The authors presented an accurate and efficient neural network method for reproducing the specific C-C bond breaking potentials for alkanes with up to 8 carbons at the CASPT2 level of accuracy, with existing large training dataset of DFT but very small training data of CASPT2. Overall, this is an interesting contribution and will advance the development of reactive potentials by neural network in this field. I have one major concern about their finding.

As shown in Fig. 4, the potential curves for C-C bond breaking from C4 to C6, C8 are basically similar. I suggest the authors if they plot them together in one figure, I doubt the three curves should have much overlap. If that is the case, there is not so strong power in this method. Can the authors present this issue carefully.

Reviewer 3

Dear Authors,
I read your manuscript with great interest. I have been assigned to review the data and code for the paper.
The code used for training the neural network potentials refers to a previously published work. The Readme.md file looks well organized and contains clear instructions. The GitHub codebase has received considerable attention from the community, has active issues and PRs. Overall from the perspective of the current submission no further reiview of the code is required.

Regarding the data, I have some observations:
1. The data is hosted on the GitHub repo owned by the researchers. I would suggest sharing the data via a FAIR repository such as Zenodo with a DOI for the dataset.
2. The datasets should contain more information about the methods used to generate them. For example, the alkane-dataset has data from DFT calculations. The repo does not mention the method/software used to generate the data as metadata. I strongly suggest to provide a sample input file used for each calculation. For example, if you performed DFT based geometry optimization of say 1000 complexes, provide one input file which details all the keywords that were used for the geometry optimization calculation including the software/version used as comments in the input file. Alternatively, a well-structured metadata file can be added.

We thank the reviewers for their careful reading of our manuscript. We have made the requested changes and additions, and we now believe the manuscript is ready for publication.

Reviewer 1

Comment: The authors do a reasonably good job of aiming to release the code and dataset. However, the specific methodology used to perform an automated CASPT2 simulation with molpro, which must exists as code in some from, is not released. Since this is a significant draw of the paper, though should be released on github along with the dataset.

Response: We thank the reviewer for the thoughtful comments. The molpro sample code for the CASPT2 calculation is now added to the github repository.

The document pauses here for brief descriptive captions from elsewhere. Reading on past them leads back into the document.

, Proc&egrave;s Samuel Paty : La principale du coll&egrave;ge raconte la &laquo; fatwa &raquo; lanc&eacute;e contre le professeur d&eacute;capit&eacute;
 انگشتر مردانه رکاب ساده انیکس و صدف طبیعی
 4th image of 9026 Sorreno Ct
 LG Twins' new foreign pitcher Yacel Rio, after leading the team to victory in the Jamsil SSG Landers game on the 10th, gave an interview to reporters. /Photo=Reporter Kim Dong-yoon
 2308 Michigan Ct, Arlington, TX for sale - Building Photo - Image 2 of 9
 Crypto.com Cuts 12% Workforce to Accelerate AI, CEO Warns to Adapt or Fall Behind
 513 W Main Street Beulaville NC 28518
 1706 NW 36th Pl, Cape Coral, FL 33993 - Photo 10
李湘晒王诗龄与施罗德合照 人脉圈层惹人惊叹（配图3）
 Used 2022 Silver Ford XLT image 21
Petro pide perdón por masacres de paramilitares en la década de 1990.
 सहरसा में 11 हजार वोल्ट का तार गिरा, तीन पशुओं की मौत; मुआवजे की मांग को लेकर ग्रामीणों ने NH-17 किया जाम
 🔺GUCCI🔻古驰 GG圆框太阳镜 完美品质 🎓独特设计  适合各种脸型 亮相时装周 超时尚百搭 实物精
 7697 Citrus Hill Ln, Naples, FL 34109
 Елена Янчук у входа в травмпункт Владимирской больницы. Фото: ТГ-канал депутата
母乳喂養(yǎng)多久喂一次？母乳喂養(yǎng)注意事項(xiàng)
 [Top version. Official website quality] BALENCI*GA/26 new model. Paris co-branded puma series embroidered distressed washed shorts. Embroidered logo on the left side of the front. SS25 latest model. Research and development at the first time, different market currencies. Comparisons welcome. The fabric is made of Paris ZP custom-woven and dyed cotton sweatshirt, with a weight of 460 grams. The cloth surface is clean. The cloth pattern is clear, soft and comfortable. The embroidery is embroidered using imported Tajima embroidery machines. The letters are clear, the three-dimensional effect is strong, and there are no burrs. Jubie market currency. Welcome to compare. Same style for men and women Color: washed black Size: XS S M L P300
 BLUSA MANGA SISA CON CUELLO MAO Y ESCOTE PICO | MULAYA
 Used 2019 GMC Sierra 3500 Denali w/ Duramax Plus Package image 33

Comment: The biggest issue with this paper is the fact that forces were not retained in the dataset for either the DFT or CASPT2 data. TorchANI, and indeed all modern neural networks, support the ability to learn to both total energy and atomic force data. The fact that this capability is not used in these models is a significant downside to this work. Thought the ability to rebuild the entire dataset with forces is likely not possible or necessarily worth while. Future efforts to make more general CASPT2 quality potentials should retain force data in their training dataset. The fact that force data was not captured in either the DFT or CASPT2 data needs to be clearly stated in this paper.

Response: We thank the reviewer for the thoughtful comments. It is true we did not include forces in this work even though it is possible to train ANI with forces. This work started soon after ANI was initially published, before forces were included in the published ANI dataset. However, we did generate force data for some of our dataset and trained some NNPs with forces. Unfortunately, we did not observe significant improvement to the evaluation of bond dissociation predictions at the DFT level when forces were included in training, and the generation of force data at CASPT2 would be even more expensive, therefore we kept the work as it is without force training.
Regardless, as requested by the reviewer, we have added the following text to our paper clearly stating the lack of force data in the training. We also added force data we have generated to our github repository.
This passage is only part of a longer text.